Karlovy Vary Interview: George Romero Talks Modern Zombies, Ripping Off Orson Welles, And More

One of the most diverting new flourishes introduced to the Karlovy Vary International Film Festival for its 50th incarnation this week, is a brand new sidebar in which six international directors were invited to present their favorite films not from their own oeuvres. Dubbed “Six Close Encounters” it gave us Mark Cousins presenting underseen Iranian jewel “A Moment of Innocence“; Michael Roskam (“Bullhead,” “The Drop“) presenting Jules Dassin‘s anointed classic “Rififi“; Kim Ki-Duk presenting Lee Chang-dong‘s immaculate “Poetry“; Sergei Loznitsa (“Maidan“) presenting raw Russian epic “The Asthenic Syndrome“; and, in an oddly apropos choice, Sion Sono (“Tokyo Tribe“) presenting “Babe.” The first one, not the weird dark second one.

Rounding out the line-up, however, was George Romero, who introduced Powell & Pressburger‘s “The Tales of Hoffmann” in its pristine new 4K restored version.
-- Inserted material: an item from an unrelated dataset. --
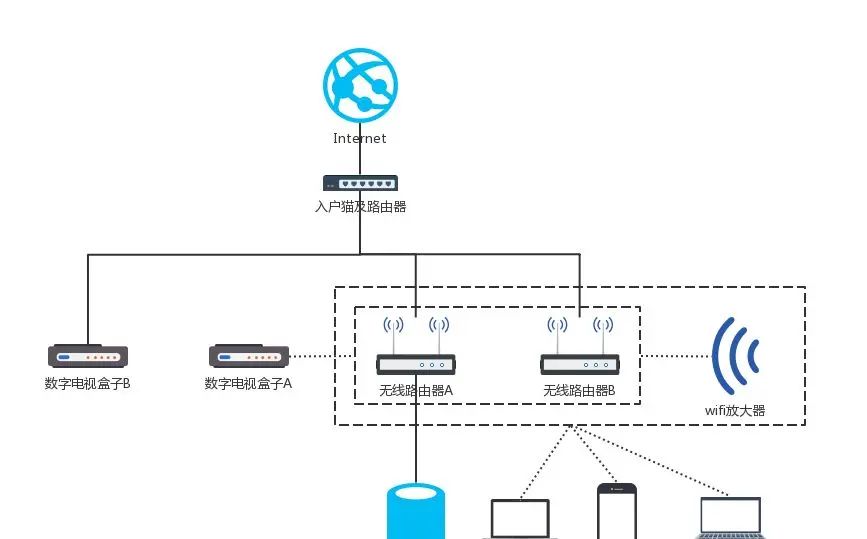 自己动手解决家庭的无线上网问题 - 宋马
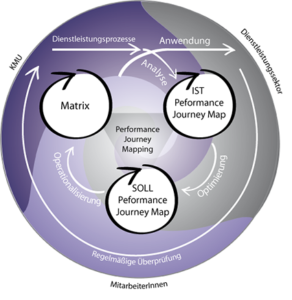 Eine Grafik über Performance Journey Mapping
Romero has long been on record as having this film represent his favorite, and the first film he remembers igniting not just a love of the medium, but a desire to explore it himself. And it gave us a chance to have a brief chat with the Man Who Invented The Zombie™. 
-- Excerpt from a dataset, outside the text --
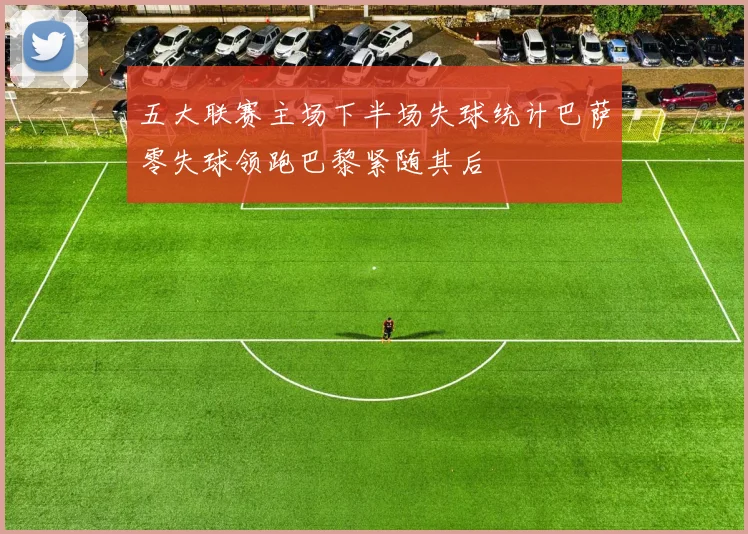 五大联赛主场下半场失球统计巴萨零失球领跑巴黎紧随其后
In person, Romero is as charming as he is recognizable–the white hair, the thick, black-rimmed glasses, the impish grin. And despite a pretty grueling round of interviews and press conferences that morning, at 75, he has the energy and demeanor of a man half that age, and the laugh of a 12-year-old.

READ MORE: Director David Robert Mitchell Reveals The Biggest 5 Influences On It Follows 
So “Tales of Hoffmann” went down a storm. Presenting the film that made you want to be a filmmaker, did it reinvigorate a desire to get back in the saddle? Anything on the horizon?
Filmically no, I’m taking an, ahem, sabbatical right now. There are too many zombies in the world…

I wondered if you were ever sorry you brought the dead back to life?
Sometimes, yes. I wasn’t up until all this stuff–the remake of ‘Dawn,’ “Zombieland,” “World War Z” and then “The Walking Dead”–that was the nail in the coffin. No, actually “World War Z” was.

Sure, I lament! I used to be the only guy doing it. And I had my own reasons for doing it, which was social satire of some kind, and I don’t find any of that anymore. ‘Walking Dead’ is purely a soap opera and the rest is an entertainment, purely an entertainment.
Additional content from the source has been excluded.